In German, Dorfromantik literally means “village romanticization”, and that describes this game perfectly. Created by a group of four German students, it’s an arable idyll, built one hexagonal tile at a time. Almost board game-like in its functionality, akin to something like Carcassonne, each round starts with you being given 40 tiles to play with. These tiles will have different elements on them, from villages and woodland, to train tracks and river bends. Some are completely dominated by a single tile type, but the majority will have contrasting edges that you’ll have to work to place in the most effective way. 

In essence, it’s just a case of matching tile types, using the edges to bring different locales together, and starting to build out your own little hexagonal paradise. The more tiles you successfully place, you’ll start unlocking more tile types, including windmills, wild deer, and town squares. None of them will add any more complexity to your little world-building, just the option to make it all even more aesthetically pleasing.

And that’s the real allure. The more you place, the more your little world grows, with just the vaguest hints of life emerging from within it. A deer nibbles on a patch of grass, a windmill’s vanes turn slowly in the breeze against a sea of yellow fields, a flock of birds flies in a v from one side of the screen to another. It’s a serene way to build that’s the opposite of real-life – completely free of hustle, bustle, and drama. And it’s utterly aspirational. I don’t really want Let’s Plays, but I have seen some people achieve the high scores that I could only dream of, with their tiles laid out for miles end to end, rivers weaving through like spaghetti dropped on a lush green carpet. 

Hexagonal happiness


(Image credit: Toukana Interactive)

Although it initially won’t seem like it, there is a scoring system at play in Dorfromantik too. The soothing music and tranquil aesthetics might be enough for many players, but if you want the tiles to keep replenishing, you’ll have to get involved in how Dorfromantik’s win conditions work. Some tiles will have numbers and a plus sign on them, which indicate that you need to connect at least a certain amount of additional tiles to that one. Spinning the tiles to make sure that you achieve a good flow for each of your areas, and there’s such joy when you start building up a long chain of forests or villages, with rivers and train lines weaving through them. 
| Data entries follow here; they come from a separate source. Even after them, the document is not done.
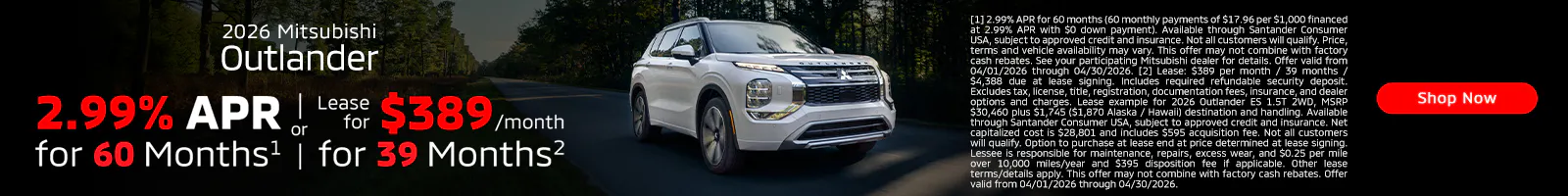 April 2026 Outlander | Diehl Mitsubishi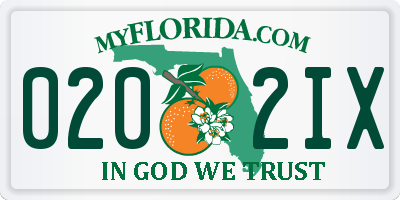 FL license plate 0202IX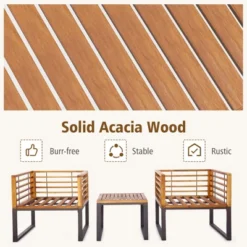 Costway 3pcs Patio Acacia Wood Bistro Conversation Cushioned Chair & Table Set Outdoor -Outdoor Deals Garden Store GUEST 4d284b17 d65d 4347 afaf 613e71b5e64e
Others though will need a specific number of additional connections, which is where Dorfromantik gets quietly complicated. It won’t just be a set tile count in some cases, but a specific number of trees or tiny chocolate box homes to add. But again, there’s no inherent panic in these tiny tick boxes, only the allure of more tiles to lay to keep advancing your little paradise.

There are also longer-term objectives to explore if you so wish, hidden in little circles that hover in the top right of your screen. They’re much more fluid goals, like creating a train line with at least 50 tiles involved, and you’ll find yourself ticking them off without even trying. 

The only stress comes from desperately wanting to see a certain tile come up in the pile.

It’s the kind of game where minutes turn to hours without you even realizing it, and when you do it’s like exiting a meditative state. It’s hexagonal peace and serenity in a world where that’s seriously hard to find, and will quickly become your go-to escape after a busy day.